───── Data provided ─────

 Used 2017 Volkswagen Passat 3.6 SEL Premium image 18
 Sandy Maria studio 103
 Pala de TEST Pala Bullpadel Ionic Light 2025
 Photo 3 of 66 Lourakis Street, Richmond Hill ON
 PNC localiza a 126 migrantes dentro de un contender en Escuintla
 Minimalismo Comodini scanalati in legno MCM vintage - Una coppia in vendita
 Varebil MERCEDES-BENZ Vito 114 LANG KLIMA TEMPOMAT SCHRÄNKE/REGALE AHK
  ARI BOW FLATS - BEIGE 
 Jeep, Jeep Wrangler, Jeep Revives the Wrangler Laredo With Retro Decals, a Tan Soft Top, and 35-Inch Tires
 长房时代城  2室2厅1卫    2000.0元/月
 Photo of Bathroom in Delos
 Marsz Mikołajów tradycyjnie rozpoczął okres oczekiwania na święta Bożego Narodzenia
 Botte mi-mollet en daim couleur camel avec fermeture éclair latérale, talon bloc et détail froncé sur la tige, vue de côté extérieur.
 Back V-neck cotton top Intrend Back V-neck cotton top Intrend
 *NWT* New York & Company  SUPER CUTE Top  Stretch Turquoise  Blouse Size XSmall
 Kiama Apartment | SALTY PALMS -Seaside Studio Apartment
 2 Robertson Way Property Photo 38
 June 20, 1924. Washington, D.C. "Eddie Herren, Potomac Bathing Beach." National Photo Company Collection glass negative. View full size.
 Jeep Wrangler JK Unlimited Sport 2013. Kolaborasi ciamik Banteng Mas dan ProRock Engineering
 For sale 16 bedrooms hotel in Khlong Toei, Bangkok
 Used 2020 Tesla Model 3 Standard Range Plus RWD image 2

─────

Look for the string "Wrangler" in the entries above. Copy every line that has it.

 Jeep, Jeep Wrangler, Jeep Revives the Wrangler Laredo With Retro Decals, a Tan Soft Top, and 35-Inch Tires
 Jeep Wrangler JK Unlimited Sport 2013. Kolaborasi ciamik Banteng Mas dan ProRock Engineering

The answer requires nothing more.